Either energy prices are decoupled from mining rewards, in which case reduced prices of either fossil fuels or renewables (or increased price of BTC) means more profit for miners or energy prices are coupled to mining rewards, in which case changing prices of fossil fuels or renewables means nothing to miners.
Please tell me why mining does not incentivize cheaper fossil fuel energy technology in the same way it supposedly incentivizes cheaper renewable energy technology.
> that you ended up so confused
I am not confused. I've heard this argument 1000 times. It is bogus.
Well, read through this 1001st version of the argument, and finally you'll understand why it's not bogus! It's really terrible that you've been arguing with such stupid people, because it's not really that complicated to explain why bitcoin mining is a renewable energy subsidy. It's really very simple, although it involves a lot of facts you aren't acquainted with.
> But that's true for renewable energy too. Nothing about the two energy sources are different.
There is one crucial difference: renewable energy is much cheaper. In the quaint units used for electricity trading, solar energy is being typically sold (in PPAs) for US$20–40/MWh in China and India, and every few months there's a new record low price; the latest is US$10.40/MWh in Saudi Arabia this April, but there have been solar PPAs signed for under US$20/MWh all over the world:
By contrast, continuing to run existing coal plants costs around US$40/MWh, and US$50/MWh is a more typical wholesale price.
> Please tell me why mining does not incentivize cheaper fossil fuel energy technology in the same way it supposedly incentivizes cheaper renewable energy technology.

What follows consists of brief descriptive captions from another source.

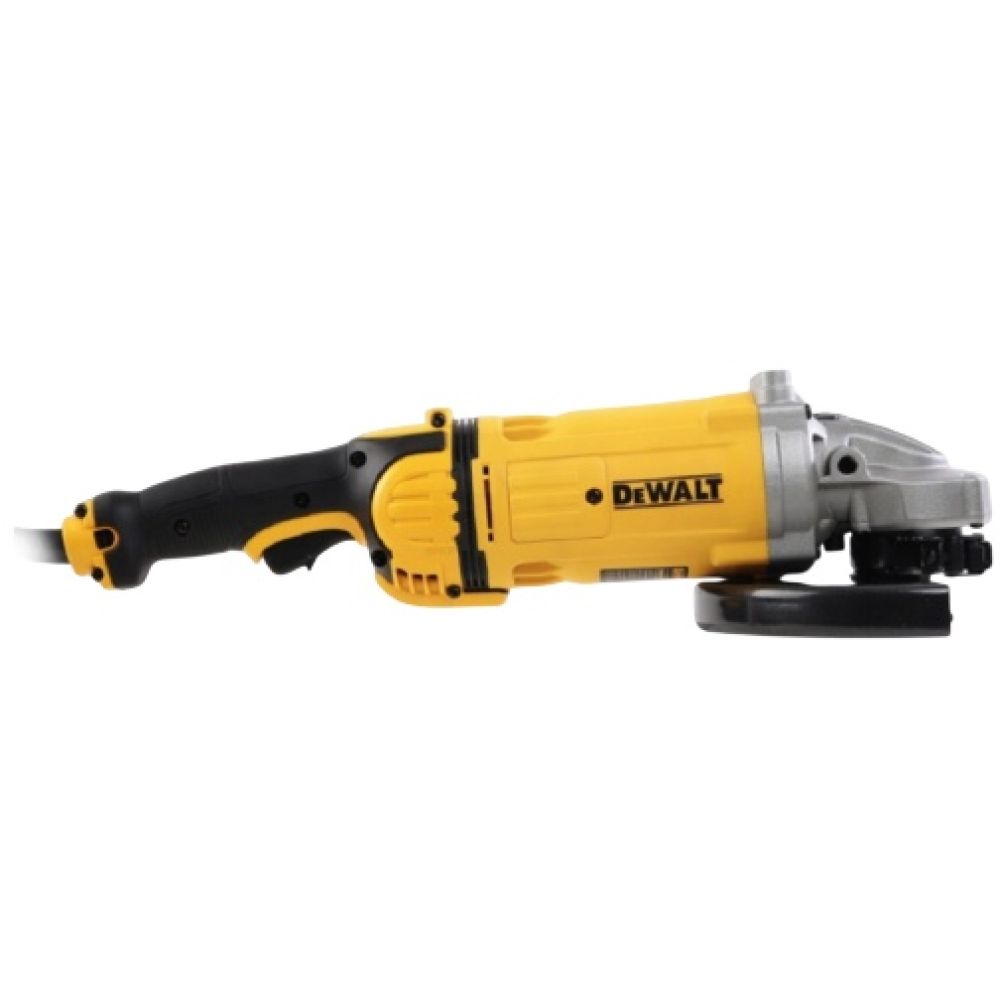 Угловая шлифмашина DEWALT DWE4559, 2400 Вт, 230 мм, 6500 об/мин (DWE4559-QS)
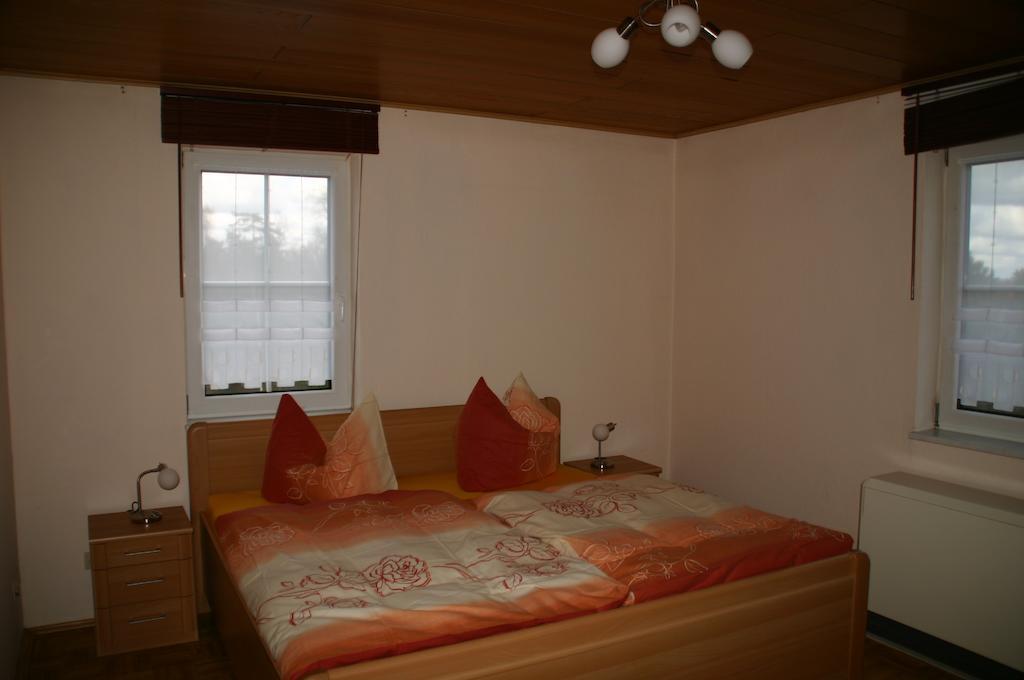 Ferienhof An Der Weide Kurort Gohrisch Habitación foto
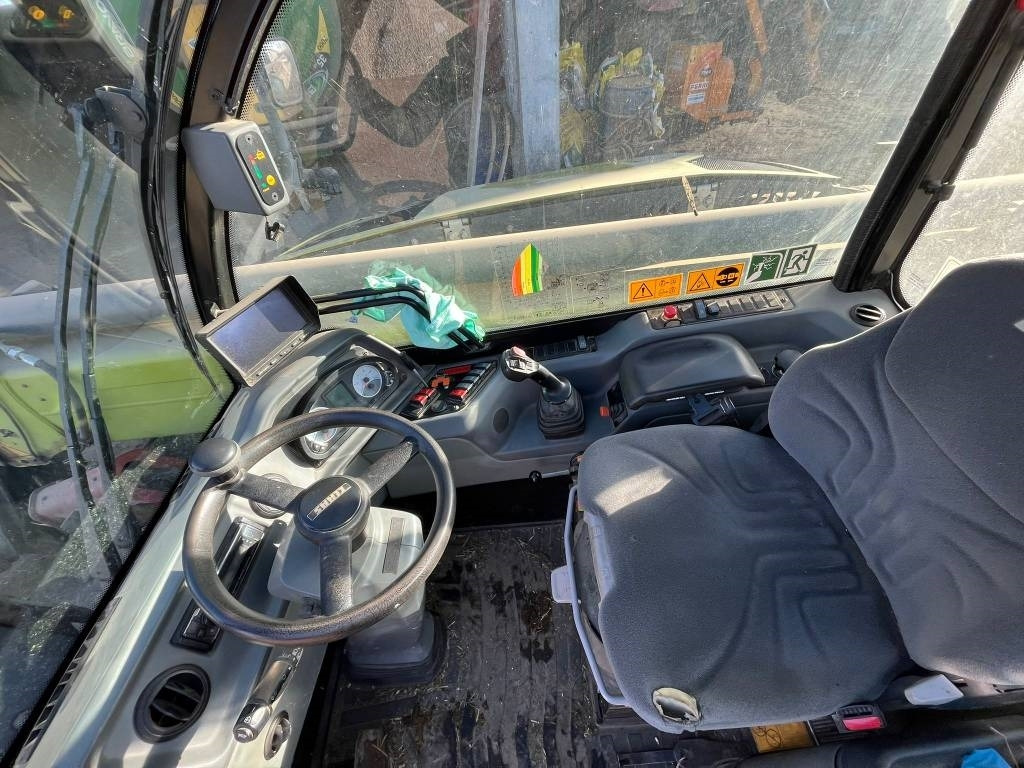 Claas Scorpion 1033 - Τηλεσκοπικός φορτωτής: φωτογραφία 5 Claas Scorpion 1033 - Τηλεσκοπικός φορτωτής: φωτογραφία 5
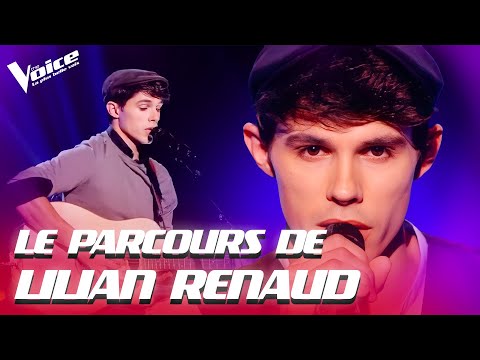 Le Parcours de Lilian Renaud | The Voice 2015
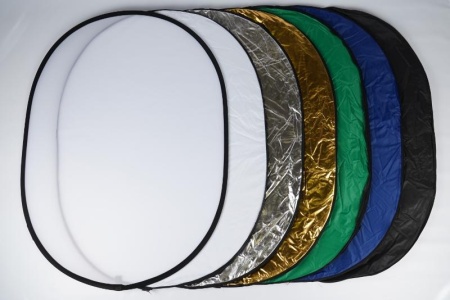 Отражатель 7 в 1 FST RD071-150x200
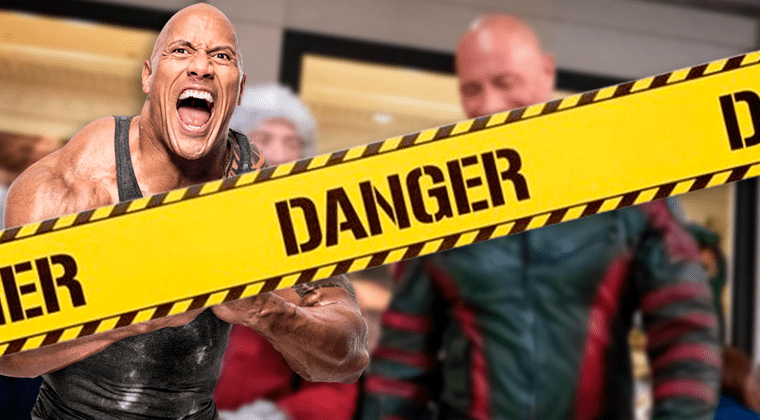 Imagen de Es la película más cara de 2024, pero la actitud de Dwayne Johnson la hace peligrar: caos y descontrol en el rodaje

Oh, it totally would! If it existed.
We could imagine a disaster scenario in which someone figured out how to turn coal into electricity at US$1/MWh, and also found a hitherto unsuspected giant coal deposit that can be strip-mined, so the cost of mining is similarly low. Massive power plants would immediately be built, heedless of the vehement protests from other countries as well as the hapless villagers living atop the coal, and bitcoin miners would flock to the province just as they now flock to hydroelectric regions, and just as aluminum smelters have always clustered around hydroelectric dams and geothermal regions. The planet would warm up even more rapidly.
But that isn't the world we live in. With the exception of marginal cases like flaring of oilfield gas† and subsidized pricing, fossil fuel energy isn't cheaper. It's more expensive, and not just by a few percent—100%–400% more expensive. That's a contingent fact—it could certainly have happened differently, just as we could happen to live on a planet with abundant platinum in the crust, and fossil fuel used to be cheaper before we extracted all the easily accessible deposits like sea-coal—but it's still a fact. And it seems unlikely to change rapidly, since the bottleneck in exploiting fossil fuels is the cost of industrial-scale heat engines, which are 250 years old and consequently improving fairly slowly. The Parsons turbine, the mainstay of fossil-fuel electricity generation, hasn't changed fundamentally since 01884, although innumerable incremental improvements have raised its efficiency. By contrast, PV's getting cheaper at a double-digit percentage per year.
So, for bitcoin purposes, renewable energy is interchangeable with fossil-fuel energy, just cheaper. But from the standpoint of renewable energy, bitcoin mining has several unique factors to recommend it:
· It's perfectly portable. Portland cement kilns use a lot of energy too, but we don't see renewable-powered cement kilns in Saudi Arabia bankrupting fossil-fuel-powered cement companies in Mexico, Germany, and Akron, because cement is too heavy (per dollar of value) to be economically transported long distances, and so are the raw materials that make it up. Bitcoin, by contrast, can be sent anywhere in the world in under a second, so the new utility-scale solar plants in Chile and Huanghe are competing directly with the dirty old coal plants in Akron. Guess who wins?
· It's perfectly fungible and not subject to import tariffs. A car factory in Bangalore might survive competition from a more efficient solar-powered auto plant in Shanghai by virtue of making cars that are better adapted to local Karnatakan needs, but there's no such thing as a "bitcoin better adapted to local Karnatakan needs". The UK isn't switching to solar energy anytime soon (its average PV capacity factor is 10%, making local PV uncompetitive there) but people in the UK can easily trade using bitcoin mined in China or Portugal.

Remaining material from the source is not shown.